Start of Block
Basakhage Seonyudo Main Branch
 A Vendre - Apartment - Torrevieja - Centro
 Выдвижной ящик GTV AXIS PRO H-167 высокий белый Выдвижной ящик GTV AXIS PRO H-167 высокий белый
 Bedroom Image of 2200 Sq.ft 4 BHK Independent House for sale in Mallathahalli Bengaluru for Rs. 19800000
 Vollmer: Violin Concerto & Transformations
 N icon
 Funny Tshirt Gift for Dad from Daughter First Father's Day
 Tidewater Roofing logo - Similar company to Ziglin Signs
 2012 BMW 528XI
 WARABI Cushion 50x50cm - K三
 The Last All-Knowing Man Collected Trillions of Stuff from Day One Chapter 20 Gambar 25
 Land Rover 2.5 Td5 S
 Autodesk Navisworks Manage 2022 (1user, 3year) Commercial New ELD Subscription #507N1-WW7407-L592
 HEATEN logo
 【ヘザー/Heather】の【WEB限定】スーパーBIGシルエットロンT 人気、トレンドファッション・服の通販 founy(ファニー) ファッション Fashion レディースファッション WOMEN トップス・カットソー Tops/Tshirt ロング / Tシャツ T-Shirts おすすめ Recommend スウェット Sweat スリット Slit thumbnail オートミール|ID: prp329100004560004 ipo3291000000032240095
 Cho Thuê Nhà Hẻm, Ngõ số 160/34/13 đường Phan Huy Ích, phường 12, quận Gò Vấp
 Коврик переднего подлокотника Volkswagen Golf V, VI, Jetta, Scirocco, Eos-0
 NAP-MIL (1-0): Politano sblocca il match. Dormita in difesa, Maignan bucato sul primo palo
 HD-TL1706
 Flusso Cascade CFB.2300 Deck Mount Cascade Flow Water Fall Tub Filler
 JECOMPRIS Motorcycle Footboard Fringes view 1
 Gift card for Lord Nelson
End of Block
> _EXERCISE DESCRIPTION_
All entries are to be output exactly as they stand.

> _ANSWER TO THE EXERCISE_
Basakhage Seonyudo Main Branch
 A Vendre - Apartment - Torrevieja - Centro
 Выдвижной ящик GTV AXIS PRO H-167 высокий белый Выдвижной ящик GTV AXIS PRO H-167 высокий белый
 Bedroom Image of 2200 Sq.ft 4 BHK Independent House for sale in Mallathahalli Bengaluru for Rs. 19800000
 Vollmer: Violin Concerto & Transformations
 N icon
 Funny Tshirt Gift for Dad from Daughter First Father's Day
 Tidewater Roofing logo - Similar company to Ziglin Signs
 2012 BMW 528XI
 WARABI Cushion 50x50cm - K三
 The Last All-Knowing Man Collected Trillions of Stuff from Day One Chapter 20 Gambar 25
 Land Rover 2.5 Td5 S
 Autodesk Navisworks Manage 2022 (1user, 3year) Commercial New ELD Subscription #507N1-WW7407-L592
 HEATEN logo
 【ヘザー/Heather】の【WEB限定】スーパーBIGシルエットロンT 人気、トレンドファッション・服の通販 founy(ファニー) ファッション Fashion レディースファッション WOMEN トップス・カットソー Tops/Tshirt ロング / Tシャツ T-Shirts おすすめ Recommend スウェット Sweat スリット Slit thumbnail オートミール|ID: prp329100004560004 ipo3291000000032240095
 Cho Thuê Nhà Hẻm, Ngõ số 160/34/13 đường Phan Huy Ích, phường 12, quận Gò Vấp
 Коврик переднего подлокотника Volkswagen Golf V, VI, Jetta, Scirocco, Eos-0
 NAP-MIL (1-0): Politano sblocca il match. Dormita in difesa, Maignan bucato sul primo palo
 HD-TL1706
 Flusso Cascade CFB.2300 Deck Mount Cascade Flow Water Fall Tub Filler
 JECOMPRIS Motorcycle Footboard Fringes view 1
 Gift card for Lord Nelson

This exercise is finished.